> _The task_
An exact copy of the lines of the listing below between the "I really appreciate" line and the "A few minutes" line, both included, is the whole answer; please omit the pictures.
= Beginning of Section =
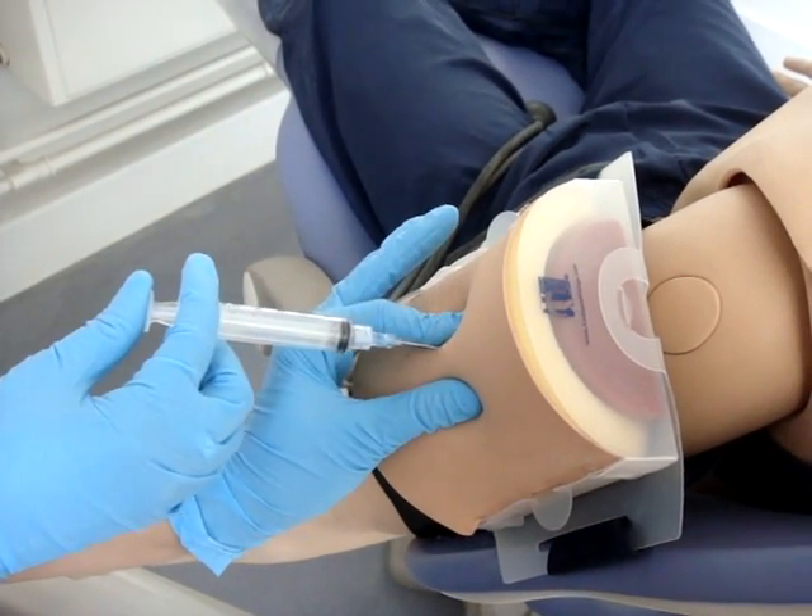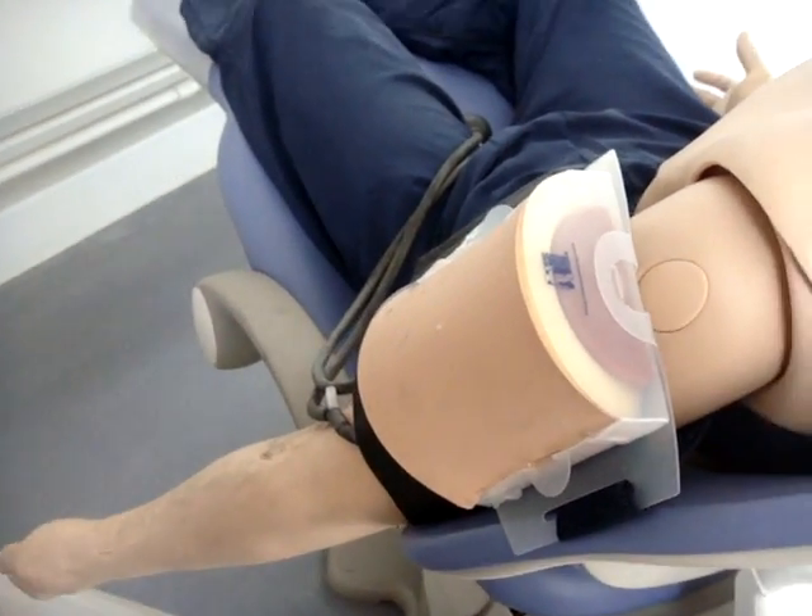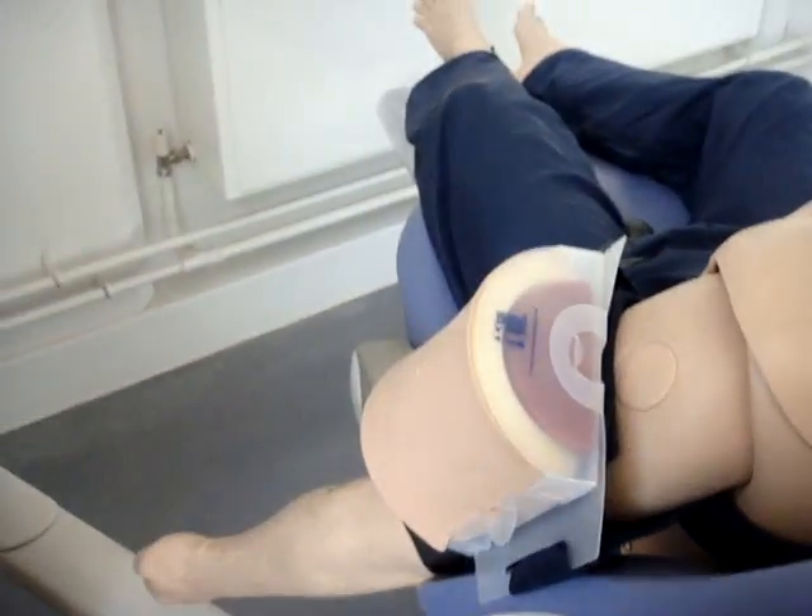Remove the needle. Release the muscle. End.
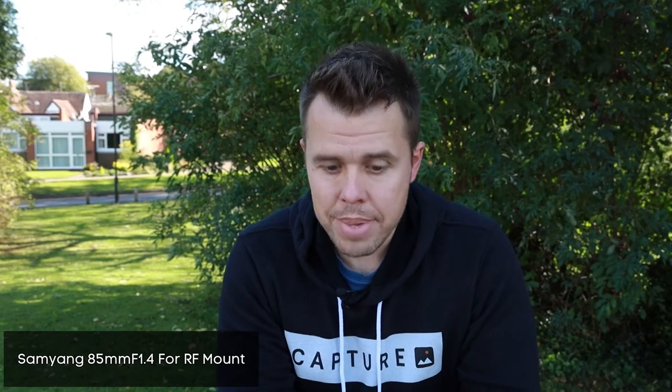In the video today I'm going to be reviewing the 85mm f1.4 from Samyang. This is an RF lens and I'm going to be giving you my completely unbiased review, talking about how it performs.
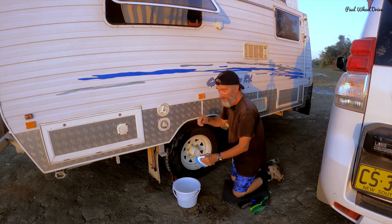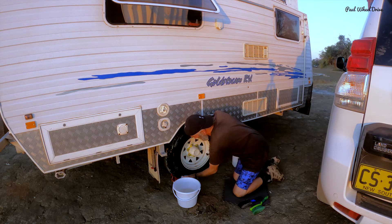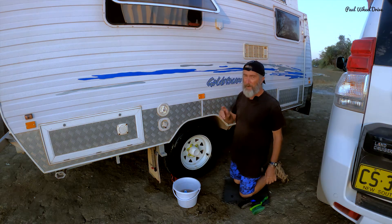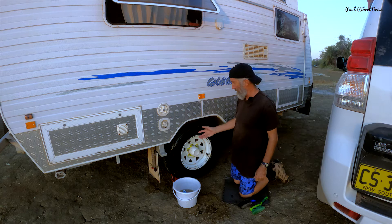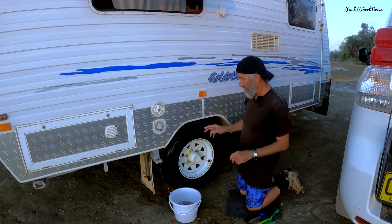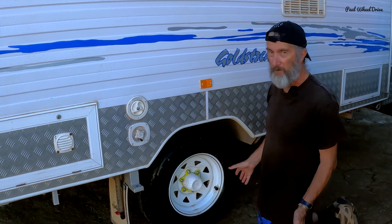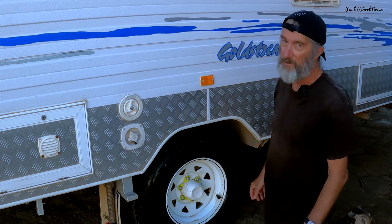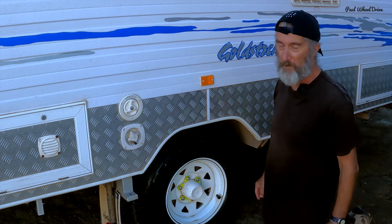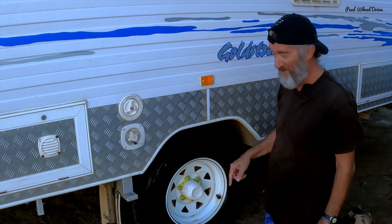I'm supposed to have protective glasses on as well. Now, it has to be said, I may be one of the only people in Australia who wants nice black tyres. Every tyre looks great when it's wet — the big test is tomorrow morning. I will take a static shot tomorrow morning when it's all dried up and, fingers crossed, it's still looking pretty good.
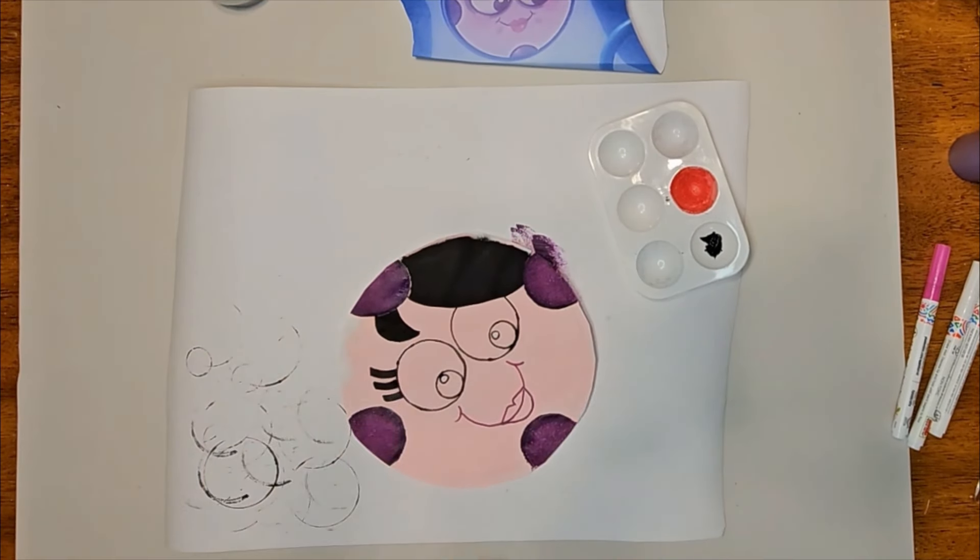Grab a spouncer or paint brush to paint the half circles and color those in with purple. Using the black paint, fill in Boodles' hair. Next, add the eyebrows — lightly draw using a pencil, then go back over the outline and color them in using the apple barrel paint pen in black. Using that same paint pen, paint the eyeballs, leaving a little glimmer dot.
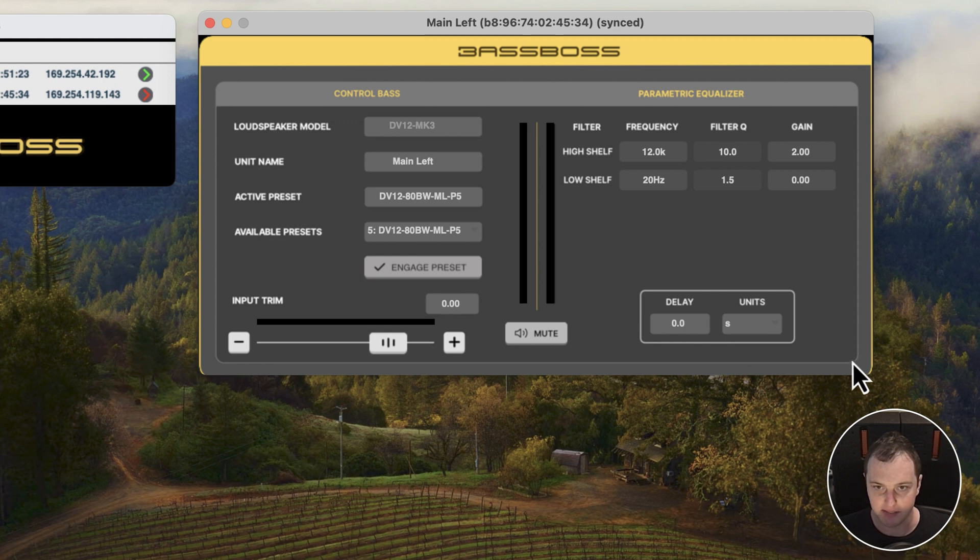Moving on to the delay settings, one nice feature is that you can set delay for speakers and change the unit of measurement. I find it easier to set this in meters or feet — so if I have a time-delay speaker 25 meters away, I can enter 25 meters and see the equivalent value in feet or seconds. This is useful for aligning subs against the wall with tops positioned forward, so they're all time-aligned correctly.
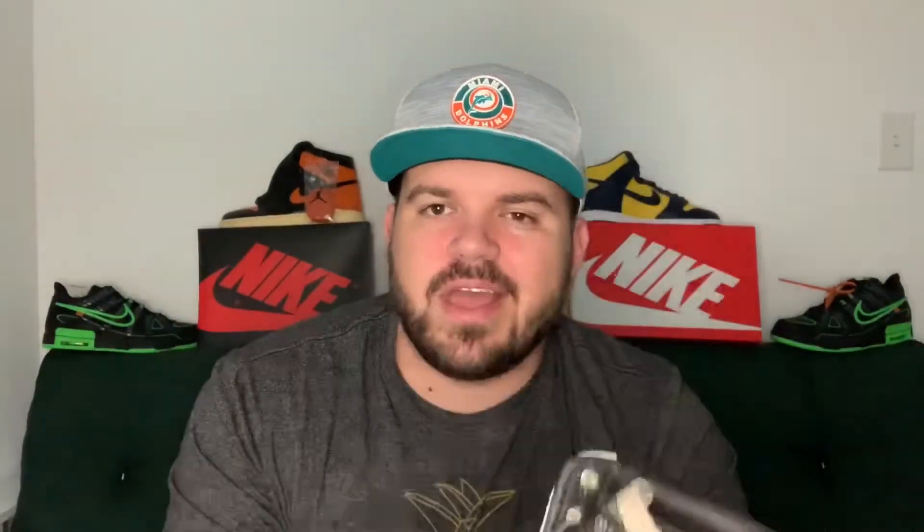I really appreciate you guys for taking a look at these. I'm going to throw some on-feet shots so you can see what these look like. Please stay safe, stay blessed — we'll see you soon. Thank you guys so much for all your subscriptions — keep subscribing, keep liking, keep commenting. I'll get back to you all as soon as I can if you have any questions. We'll see you soon — peace out.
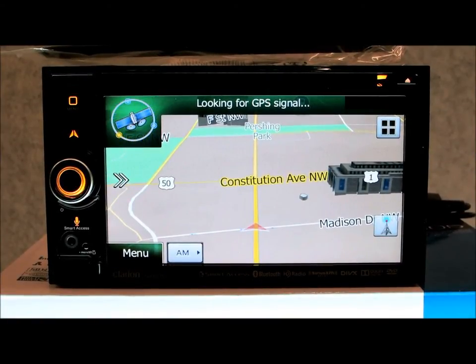Today I'm going to be taking a look at this brand new 2015 model Clarion NX605. This is the current model which replaces the NX604 from last year, which was the first time they brought out their Smart Access all-in-one GPS navigation system.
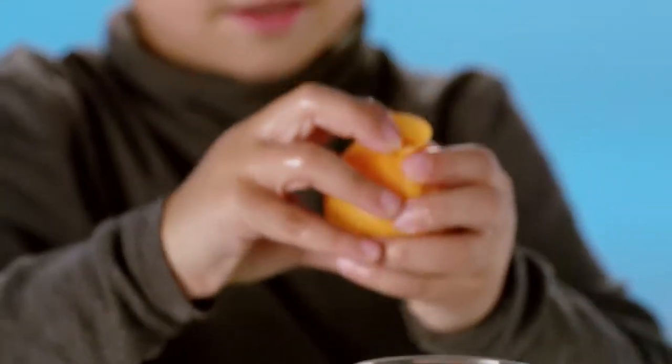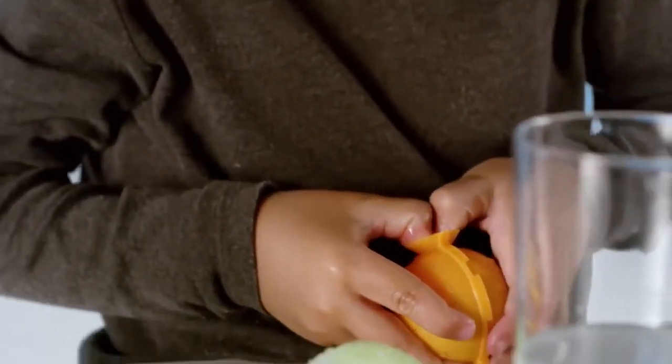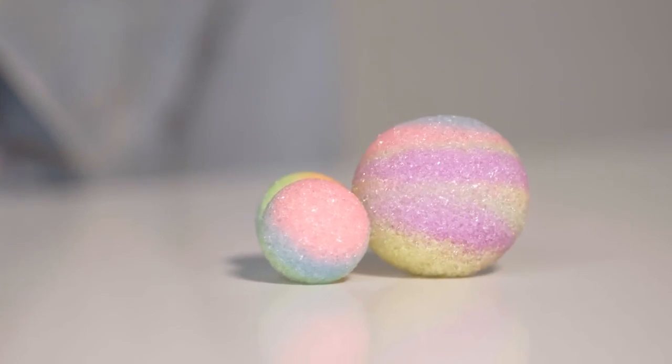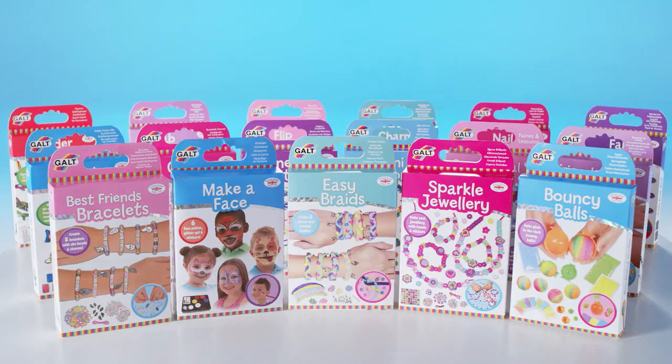A few minutes later your bouncy ball is ready. Make two large balls or eight small with cool glow in the dark crystals. Bouncy Balls from Galt.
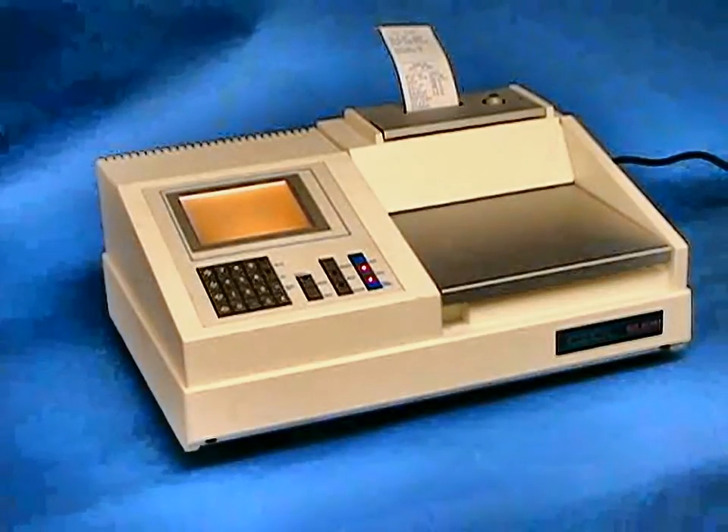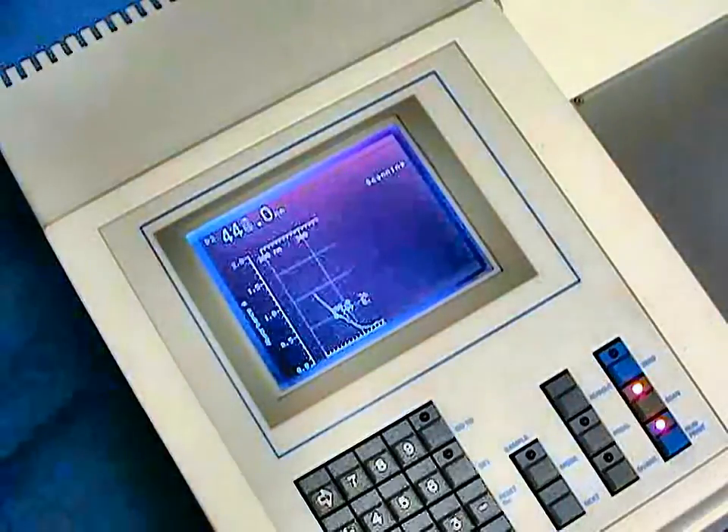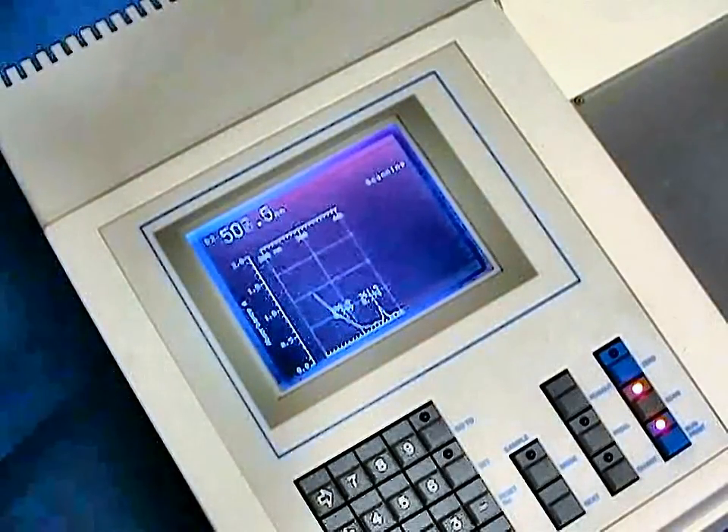The display will show the real-time scrolling of the spectrum as the data is being accumulated. We can see the spectral information being shown on the backlit liquid crystal display in real-time.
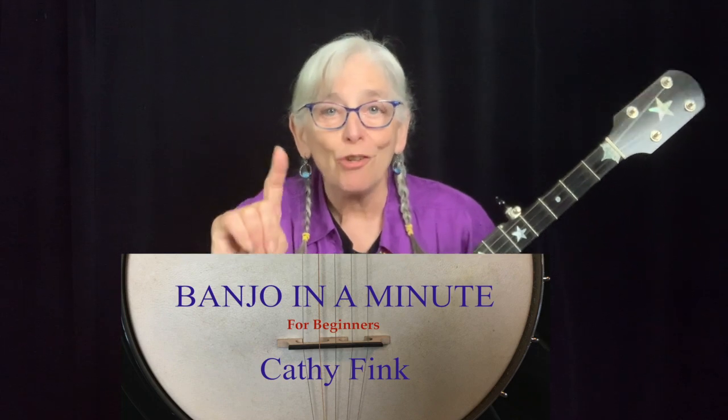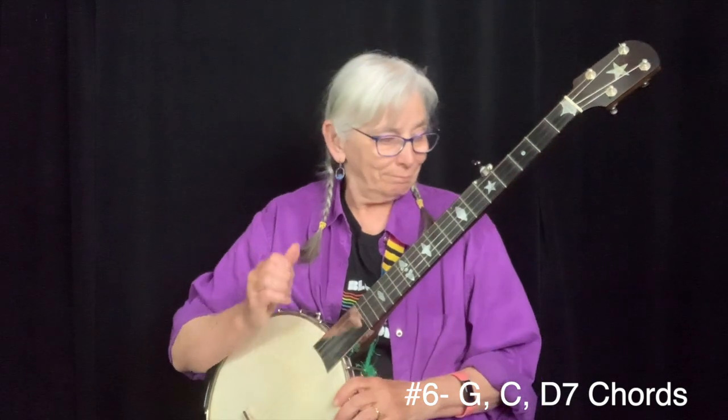Hi, this is Kathy Fink with Banjo in One Minute, Beginner Edition. We've kind of put together our little claw hammer frailing bum ditty sound. Now we're going to learn three chords.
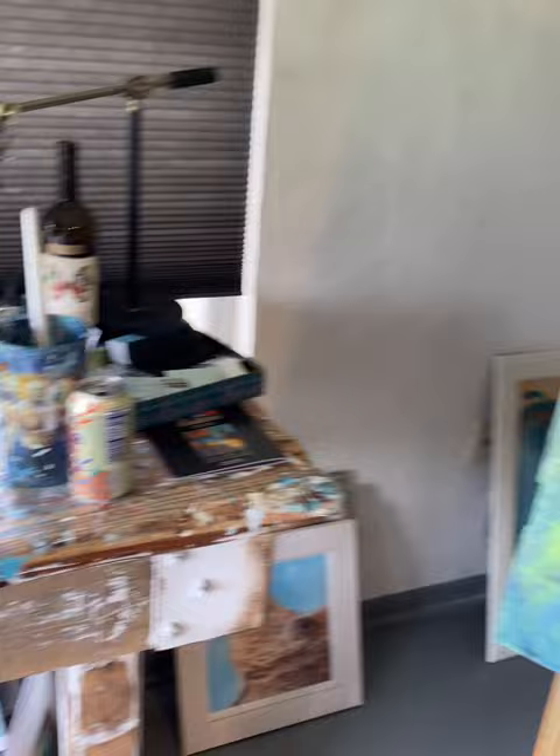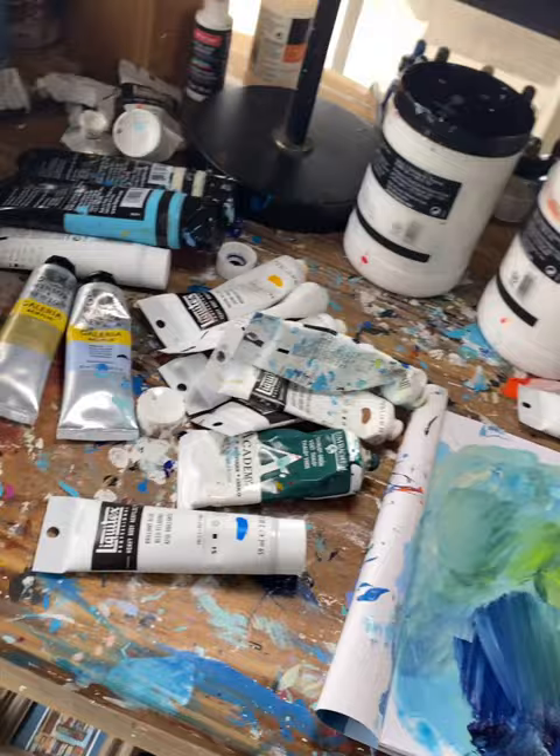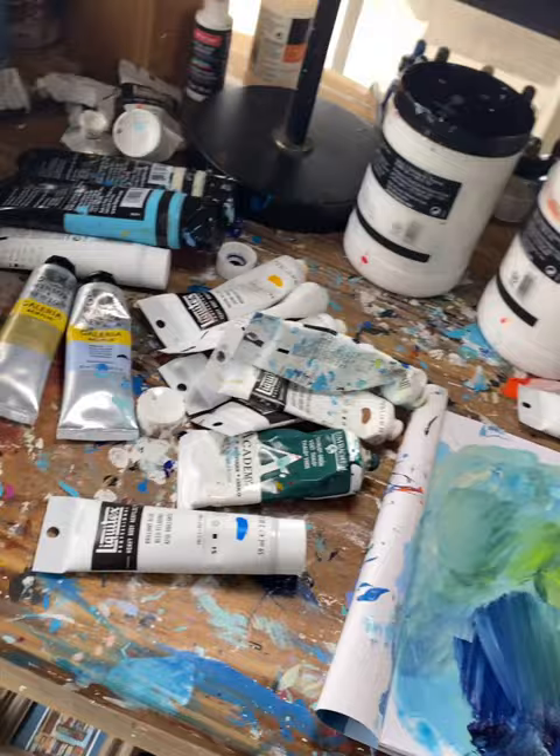This is where I do my stuff — this is my office, my desk. I like to use the removable paper palette paper, and then all my colors I've been using today. At the end of every day I clear it, because I think it's nice to start each day afresh and not have messiness.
= End of Section =
> _Solution to this task_
I really appreciate you guys for taking a look at these. I'm going to throw some on-feet shots so you can see what these look like. Please stay safe, stay blessed — we'll see you soon. Thank you guys so much for all your subscriptions — keep subscribing, keep liking, keep commenting. I'll get back to you all as soon as I can if you have any questions. We'll see you soon — peace out.
Today I'm going to be taking a look at this brand new 2015 model Clarion NX605. This is the current model which replaces the NX604 from last year, which was the first time they brought out their Smart Access all-in-one GPS navigation system.
A few minutes later your bouncy ball is ready. Make two large balls or eight small with cool glow in the dark crystals. Bouncy Balls from Galt.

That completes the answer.